- _The input_
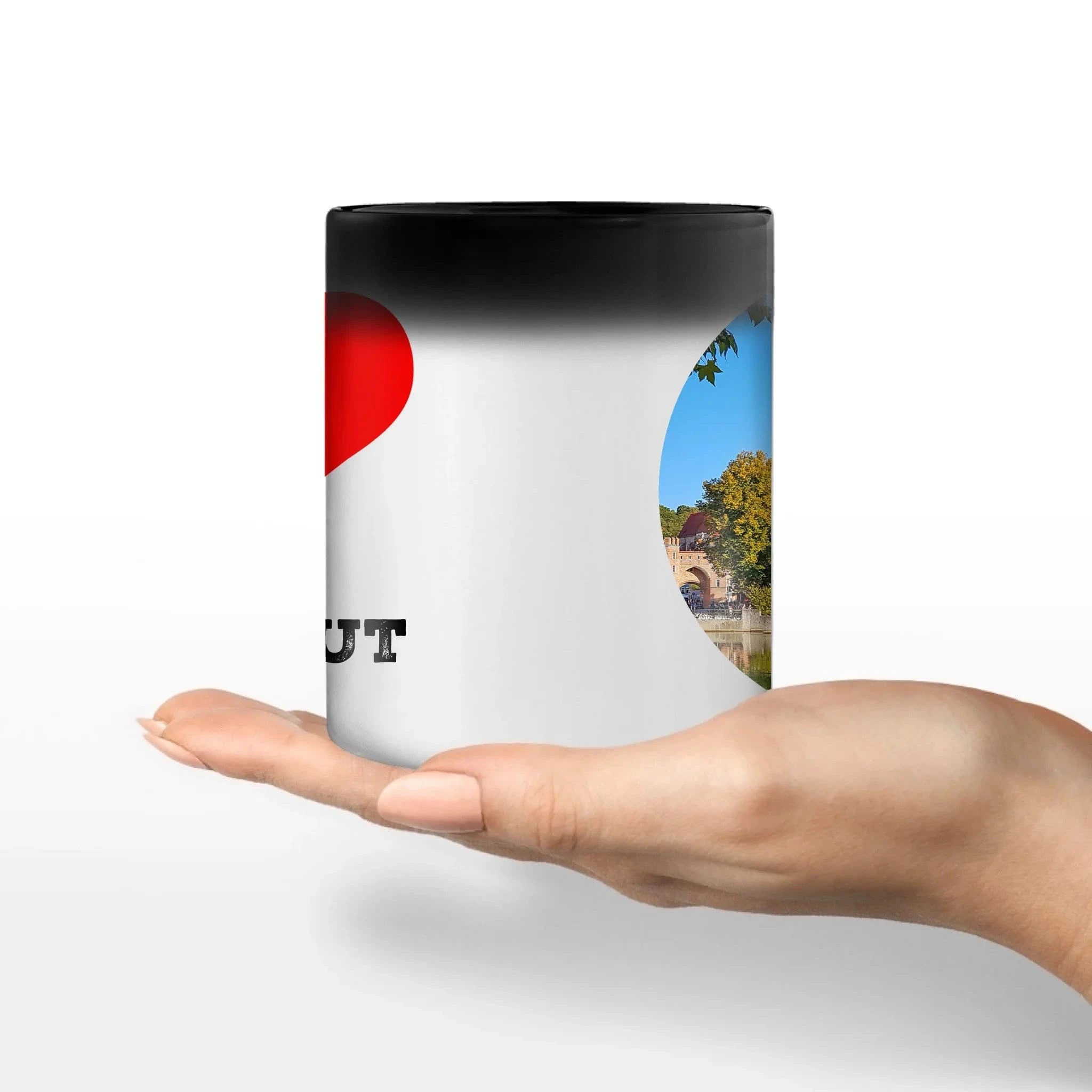 Motivtasse "I Love" - Tasse von Schmidt Digitaldruck GmbH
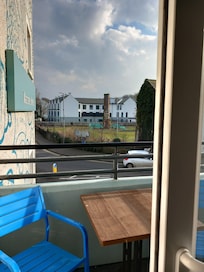 This was supposed to be a partial sea view rooms but could not sea any of the sea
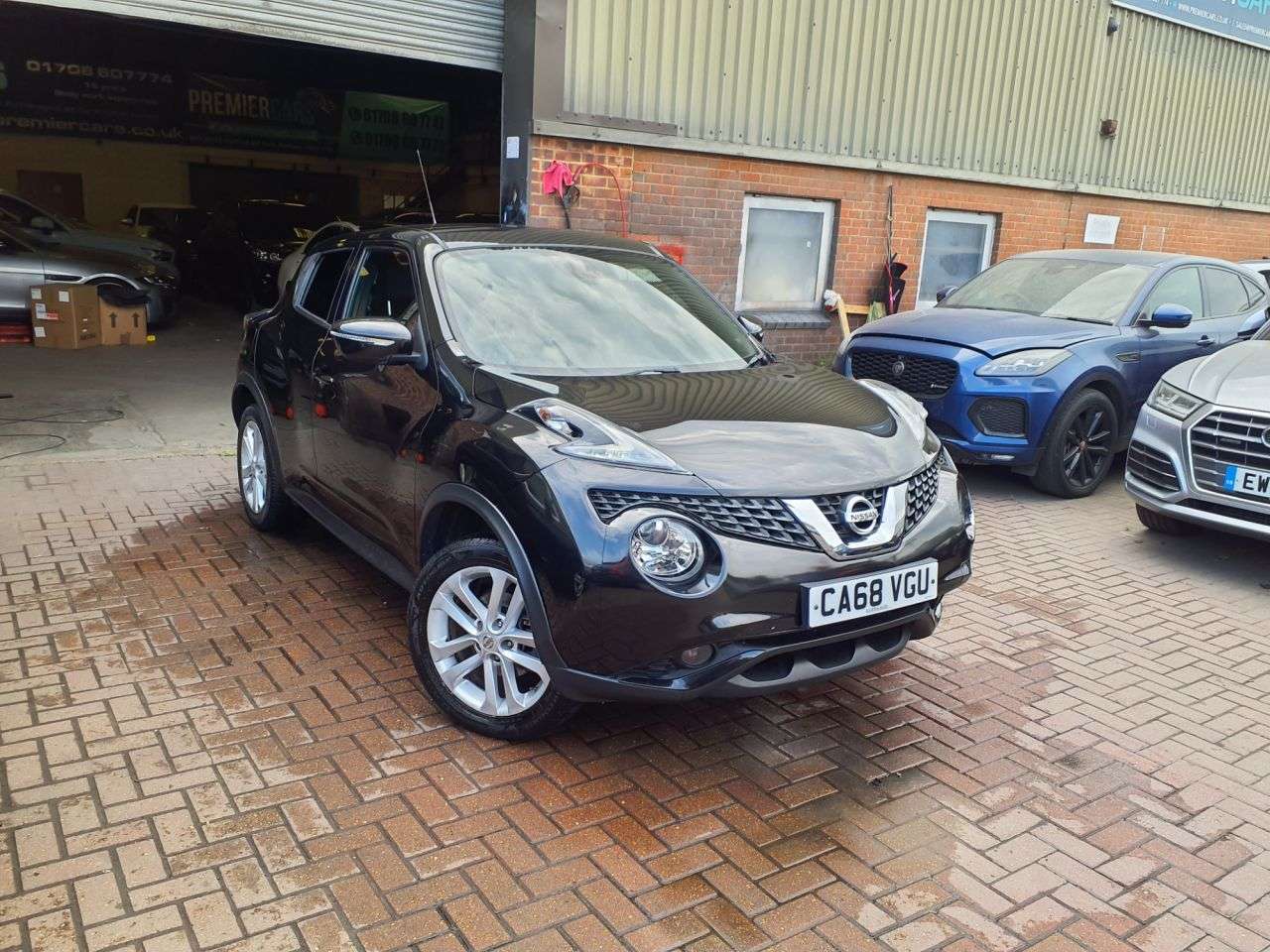 A 2018 NISSAN JUKE 1.5 dCi N-Connecta SUV 5dr Diesel Manual Euro 6 (s/s) (110 ps) 3 MONTHS WAR A 2018 NISSAN JUKE 1.5 dCi N-Connecta SUV 5dr Diesel Manual Euro 6 (s/s) (110 ps) 3 MONTHS WAR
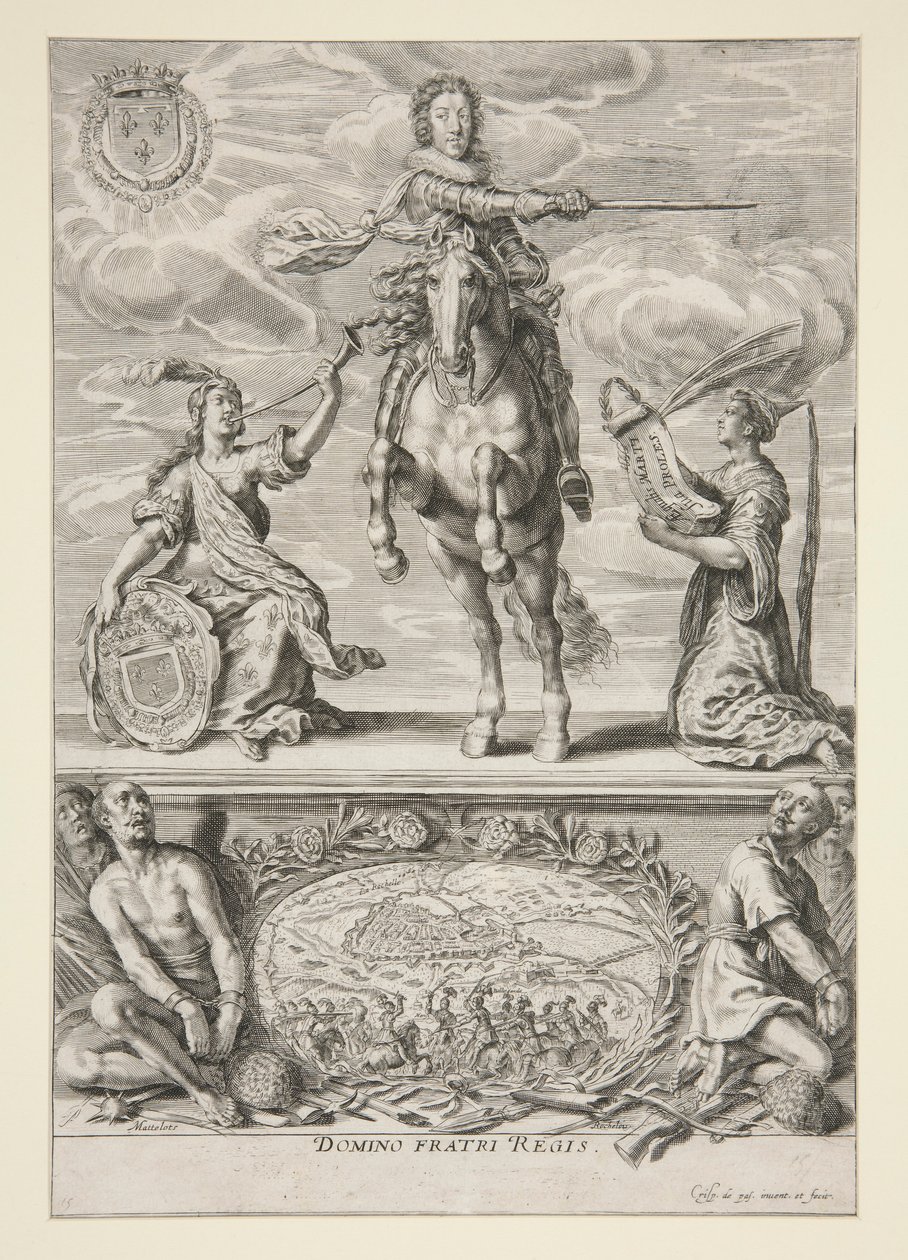 Domino Fratri Regis by Crispijn de Passe the Elder
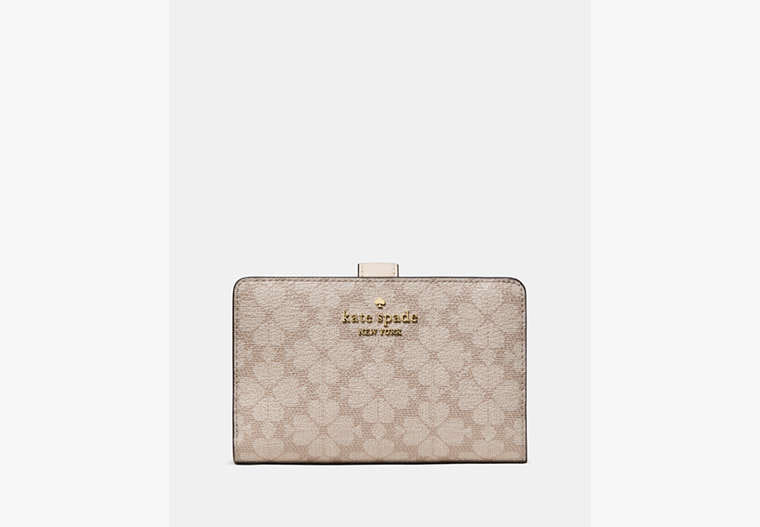 Flower Spade Flower Medium Bifold Wallet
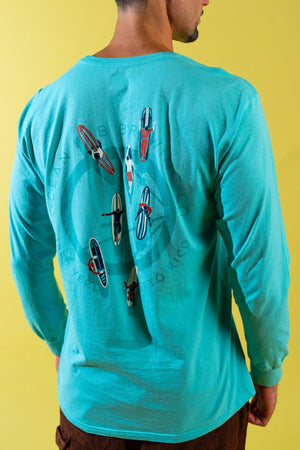 Ocean Lab Surfer's Long Sleeve T-Shirt*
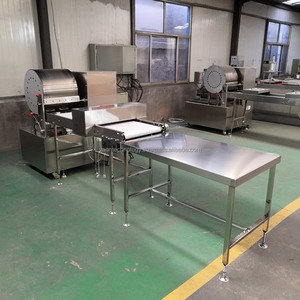 Máquina automática Lumpia Máquina de envoltura de rollo de resorte Máquina eléctrica Máquina de envoltura de pastel de pato asado - Product Image 5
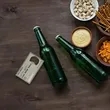 Custom Platinum Card Bottle Openers | https://www.bestnamebadges.com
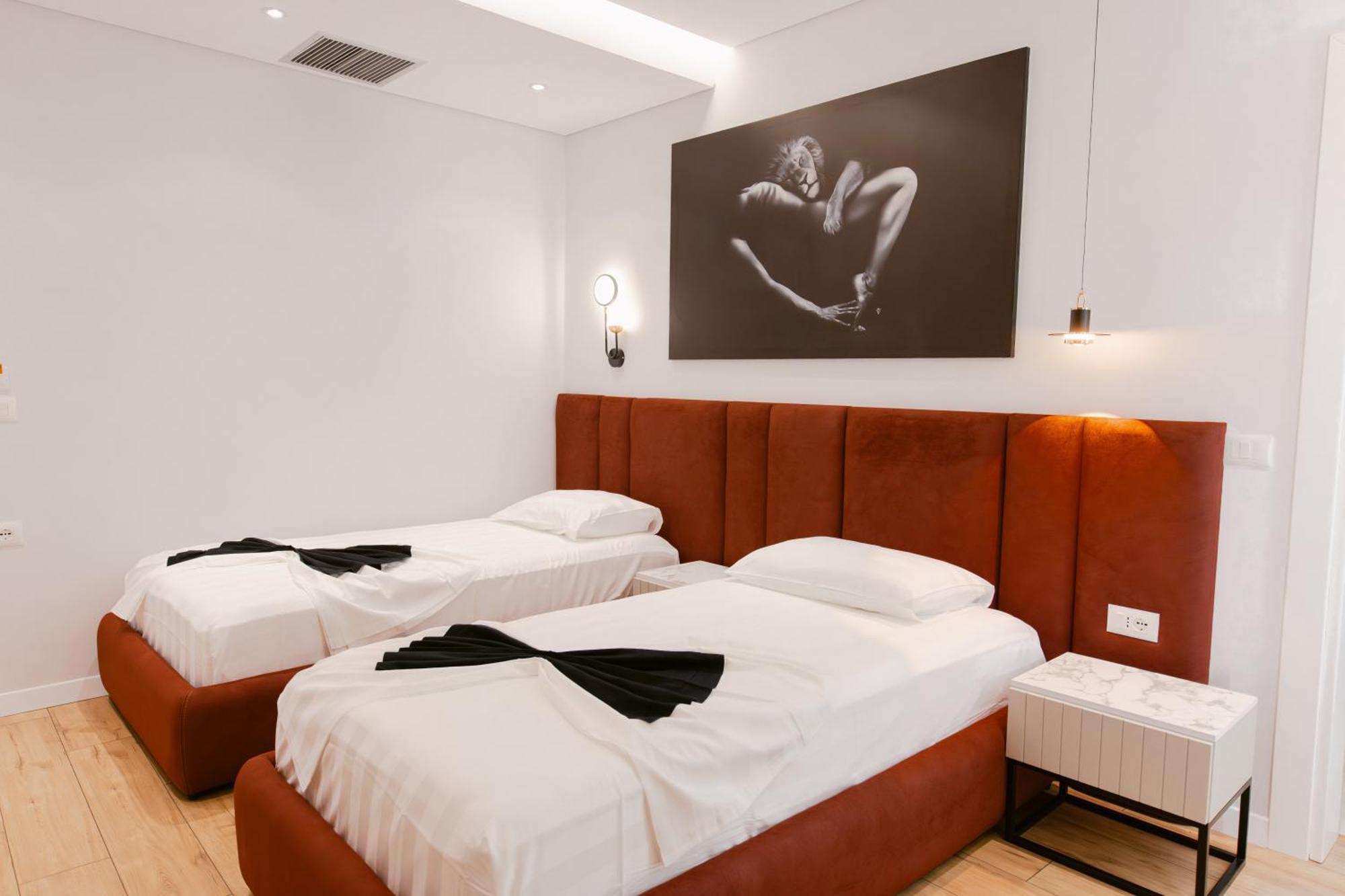 Hotel Olsi Sarandë Eksteriør bilde
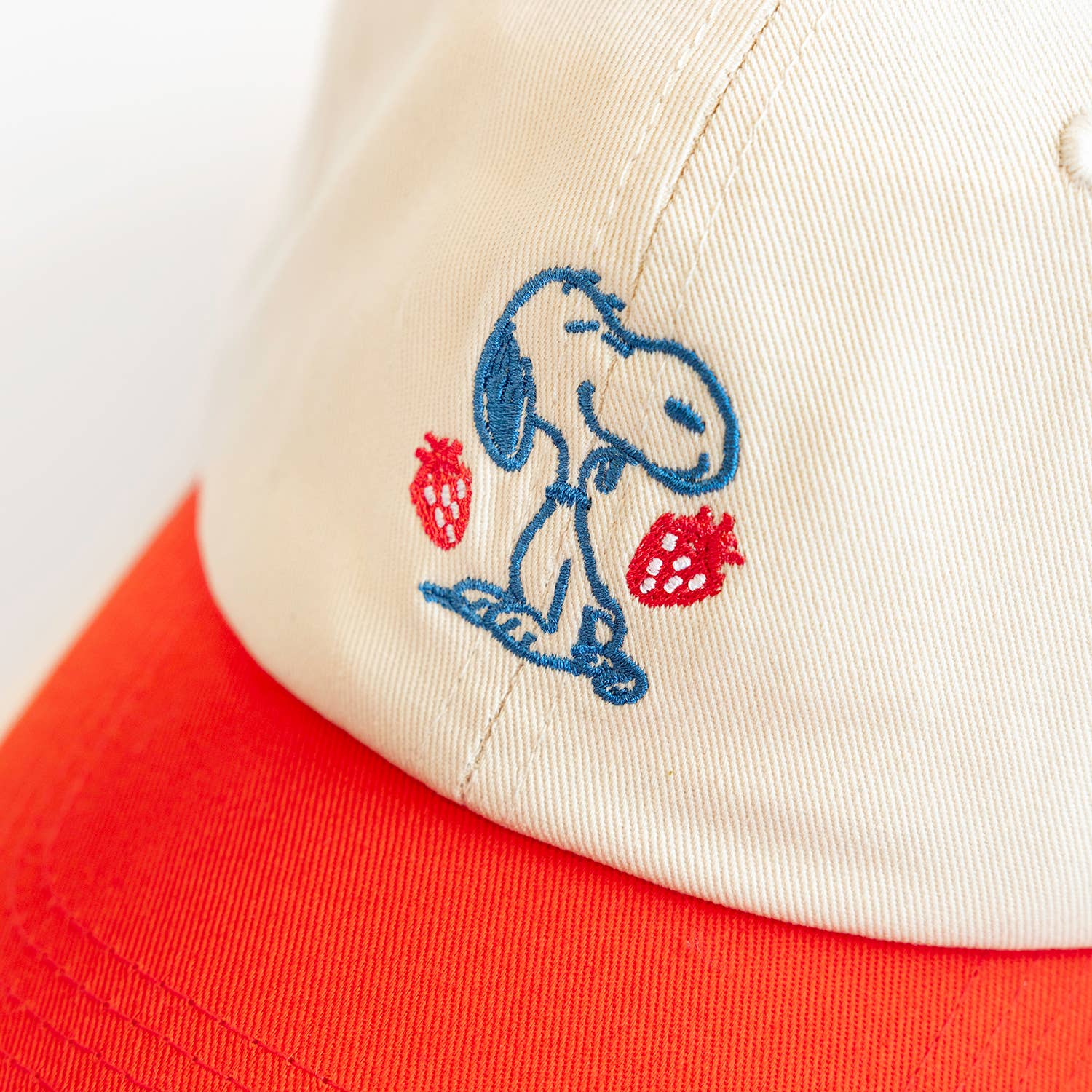 3P4 x Peanuts® - Snoopy Strawberry Dad Hat
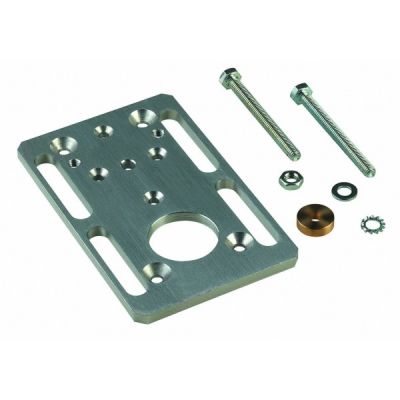 ELKRON 80SP6900111 Adaptation and fixing plate to strong structures and vehicles
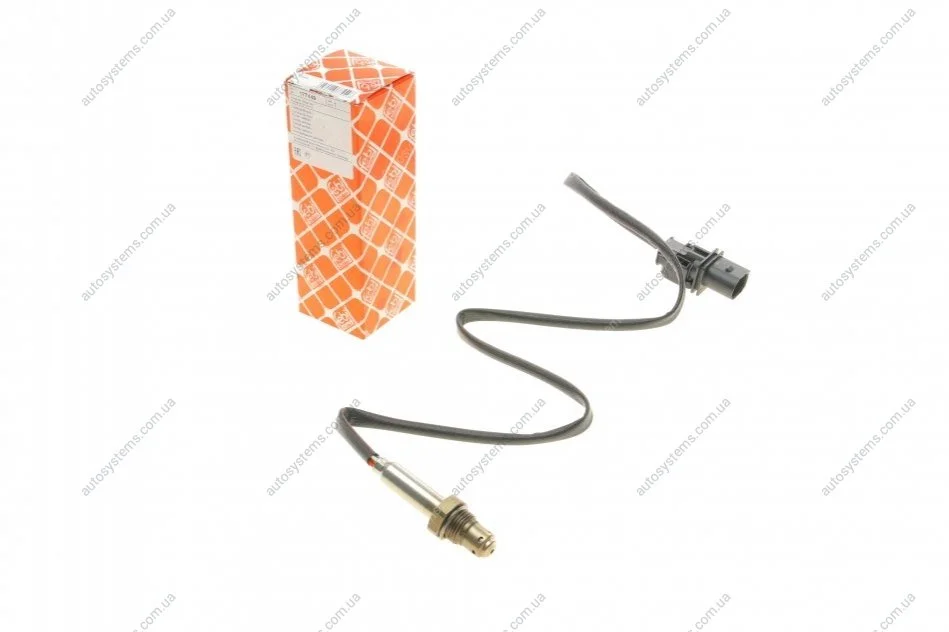 Лямбда зонд VW Caddy III/Crafter/T5 1.9/2.0/2.5TDI 04-16 FEBI BILSTEIN 177449 (фото 1)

- _Exercise aim_
The records above need to be reproduced exactly, with all images omitted.

- _Answer below_
 Motivtasse "I Love" - Tasse von Schmidt Digitaldruck GmbH
 This was supposed to be a partial sea view rooms but could not sea any of the sea
 A 2018 NISSAN JUKE 1.5 dCi N-Connecta SUV 5dr Diesel Manual Euro 6 (s/s) (110 ps) 3 MONTHS WAR A 2018 NISSAN JUKE 1.5 dCi N-Connecta SUV 5dr Diesel Manual Euro 6 (s/s) (110 ps) 3 MONTHS WAR
 Domino Fratri Regis by Crispijn de Passe the Elder
 Flower Spade Flower Medium Bifold Wallet
 Ocean Lab Surfer's Long Sleeve T-Shirt*
 Máquina automática Lumpia Máquina de envoltura de rollo de resorte Máquina eléctrica Máquina de envoltura de pastel de pato asado - Product Image 5
 Custom Platinum Card Bottle Openers | https://www.bestnamebadges.com
 Hotel Olsi Sarandë Eksteriør bilde
 3P4 x Peanuts® - Snoopy Strawberry Dad Hat
 ELKRON 80SP6900111 Adaptation and fixing plate to strong structures and vehicles
 Лямбда зонд VW Caddy III/Crafter/T5 1.9/2.0/2.5TDI 04-16 FEBI BILSTEIN 177449 (фото 1)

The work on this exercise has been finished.